Tuesday, July 16, 2013

Why I Don’t Give Money to Beggars

I don’t give money to beggars holding cardboard signs on the medians of our roadways.  I don’t drop coins into the paper cups of disabled veterans outside of the ballpark.  I don’t give out cash to transients looking for a tank of gas coming to my office at church.

It is difficult to say this out loud.  I can’t escape Jesus’ words; “Give to everyone who begs from you ….”(Matthew 5:42, Luke 6:30).  His call to compassion for the beggar is unequivocal.  And my response is full of qualifications.  I want to follow his teachings.  I want to follow his example.  But as with his insistence that “…if your hand causes you to sin, cut it off….” (Matthew 5:30, 18:8) I don’t take his begging admonition literally. 

I was introduced to institutional begging during my college sophomore year in India.  It has framed my response ever since.  Entire families make their living begging on the streets and in the market places of that wonderful country.   Both Hinduism and Islam require alms-giving as a practice of their daily faith.  Beggars hang outside of Temples and Mosques taking advantage of this practice which has all the best intentions of compassion for the poor.  Professional adult beggars will mutilate their children to increase their earning potential for the family unit.  During our orientation classes in Bangalore we learned from social workers that giving money to beggars only perpetuates a system of class oppression.  Education, investment in self-development businesses and a commitment to build relationships with those who beg were the solution to this dehumanizing practice.

Such a context may seem alien to our North American experience but only at first glance.   Handing a few dollars to the one holding the cardboard sign by the side of the road, dropping a few coins in a cup is designed to make us the donor feel good…benevolent…superior. Those invested in begging count on that.   Such charity does little to move a suffering individual to wholeness.  At best it provides a temporary Band-Aid.

I’d be the first to say that if you’re bleeding, a Band-Aid is important.  I have friends who for each baseball game they attend bring a number of sack lunches with healthy food to distribute to the long line of beggars outside the gates.  Awesome!   

When a transient comes to church looking for money for food, I personally take them out to lunch or to the grocery store and pay their bill.  When they come looking for money for a tank of gas, I drive with them to the gas station and pay for a full tank.  I don’t lecture or proselytize in such an encounter.  I try to listen to their story and affirm their humanity.  If they are local I refer them to organizations that can assist them to work towards self-sufficiency, if that is their goal.  If they are just passing through I bless their journey.   
But dropping a dollar in a cup doesn’t involve a conversation or an encounter with a human being.  It’s designed to be convenient and detached for the donor.  Is that what Jesus had in mind?   He sets his admonition about begging in the verses about “turning the other cheek,” “going the second mile,” “lending to any in need of borrowing,” “praying for our enemies.” Vulnerability, openness and connection between human beings were his call.  Was it the pious convenience of quick and easy charity? 

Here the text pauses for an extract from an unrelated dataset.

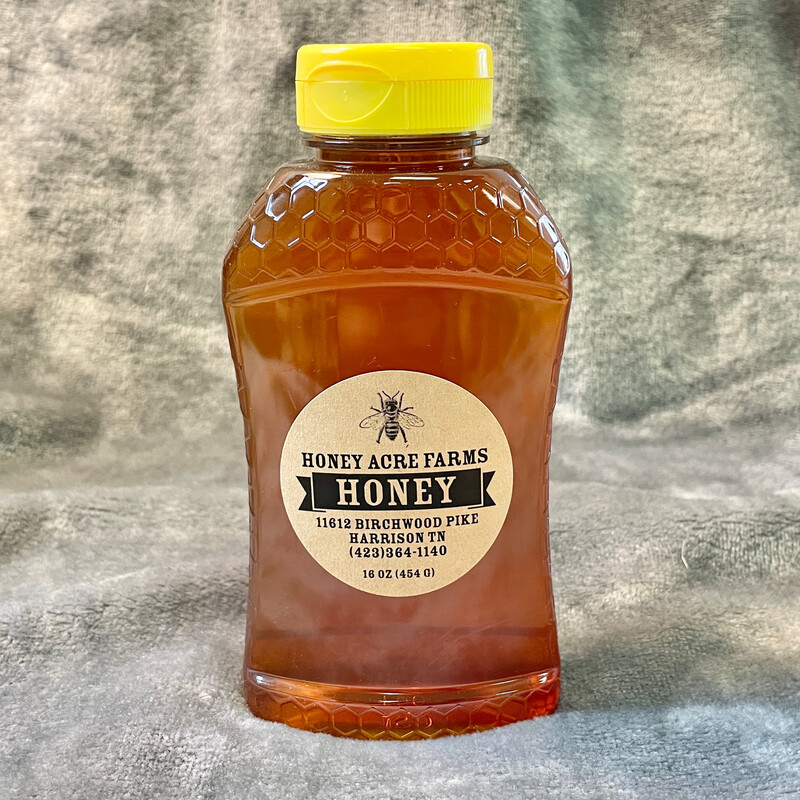 16 oz Honey Acre Farms Local Honey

My bias is to serve our local food bank/direct assistance non- profit agency; “the safety net” for our community’s poor and frail elderly.  Along with other members of our church I have been on the Board of Directors of the Community Service Agency of Mt. View, Los Altos and Los Altos Hills for years.  (I have worked with similar agencies throughout my 37 year ordained ministry.) Our Alpha Omega Homeless program assists the transition to decent housing and economic self-sufficiency for an average of 350 people each year.  When we distribute food and/or emergency PG&E or rent monies to those facing hunger and potential homelessness we do so with trained social workers developing a plan towards self-sufficiency for our clients.  We work with them in an on-going relationship.   Dignity in such a process is one of our highest priorities as an agency.

What dignity is there for the person begging on the side of the road when we drop in a few coins and just pass on by?

Years ago, Bonnie Bollwinkel worked as an outreach social worker finding veterans in “single occupancy housing” who had lost their connection to the government assistance they earned defending our country.  She knew them by name and they knew hers as they called out to her while she walked the streets of that city’s “skid row.” The program in which she worked would assist scores of veterans to resource the next steps in their lives.   

Jesus didn’t intend for almsgiving to be an exercise in convenient piety for the donor but a spiritual practice in which we participate in God’s promise that someday all will have enough, all will be treated with dignity and all will have a safe place to call home (Luke 4:18-19).

I won’t give money to beggars.   I will contribute to the team/community effort it takes to restore a life.